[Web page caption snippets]
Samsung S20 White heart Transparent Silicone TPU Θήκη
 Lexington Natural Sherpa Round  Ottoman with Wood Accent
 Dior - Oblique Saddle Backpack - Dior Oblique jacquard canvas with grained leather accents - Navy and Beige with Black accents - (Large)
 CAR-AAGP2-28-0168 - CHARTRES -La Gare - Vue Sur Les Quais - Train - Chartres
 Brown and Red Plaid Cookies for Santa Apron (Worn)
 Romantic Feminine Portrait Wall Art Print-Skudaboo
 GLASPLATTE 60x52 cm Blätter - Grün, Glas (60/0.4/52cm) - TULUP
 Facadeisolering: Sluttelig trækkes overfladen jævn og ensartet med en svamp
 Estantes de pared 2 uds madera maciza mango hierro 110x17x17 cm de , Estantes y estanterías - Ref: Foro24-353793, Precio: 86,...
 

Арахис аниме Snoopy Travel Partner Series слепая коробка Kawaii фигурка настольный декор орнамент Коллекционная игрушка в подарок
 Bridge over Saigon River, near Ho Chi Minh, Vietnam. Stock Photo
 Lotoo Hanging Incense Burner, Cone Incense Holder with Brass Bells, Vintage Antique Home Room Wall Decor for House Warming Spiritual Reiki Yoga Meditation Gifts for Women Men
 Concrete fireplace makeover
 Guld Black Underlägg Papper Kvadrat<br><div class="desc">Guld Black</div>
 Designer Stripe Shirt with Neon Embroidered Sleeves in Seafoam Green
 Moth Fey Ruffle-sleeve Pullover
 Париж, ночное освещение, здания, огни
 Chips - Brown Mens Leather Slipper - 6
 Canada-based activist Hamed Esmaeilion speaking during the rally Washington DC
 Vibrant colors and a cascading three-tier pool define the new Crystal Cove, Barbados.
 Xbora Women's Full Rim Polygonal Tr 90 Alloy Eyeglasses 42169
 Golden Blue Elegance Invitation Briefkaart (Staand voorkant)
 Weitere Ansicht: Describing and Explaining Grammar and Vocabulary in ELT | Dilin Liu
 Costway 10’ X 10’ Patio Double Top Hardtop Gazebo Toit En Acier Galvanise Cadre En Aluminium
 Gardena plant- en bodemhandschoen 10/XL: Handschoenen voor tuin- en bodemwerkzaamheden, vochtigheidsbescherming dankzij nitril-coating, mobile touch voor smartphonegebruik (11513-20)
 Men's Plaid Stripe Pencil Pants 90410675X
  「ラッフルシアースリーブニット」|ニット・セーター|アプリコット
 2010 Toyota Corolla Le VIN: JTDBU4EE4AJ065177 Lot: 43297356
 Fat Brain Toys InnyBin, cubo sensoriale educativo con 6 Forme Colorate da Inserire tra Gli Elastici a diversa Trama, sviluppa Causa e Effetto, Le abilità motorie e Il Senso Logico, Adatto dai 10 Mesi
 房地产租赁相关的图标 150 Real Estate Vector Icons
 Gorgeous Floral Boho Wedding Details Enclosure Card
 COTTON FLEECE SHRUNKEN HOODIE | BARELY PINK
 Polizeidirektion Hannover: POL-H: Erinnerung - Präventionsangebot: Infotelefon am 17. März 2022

▸ What you should do
Look through the data above and report every line in which "Stripe" appears.

▸ Output below
 Designer Stripe Shirt with Neon Embroidered Sleeves in Seafoam Green
 Men's Plaid Stripe Pencil Pants 90410675X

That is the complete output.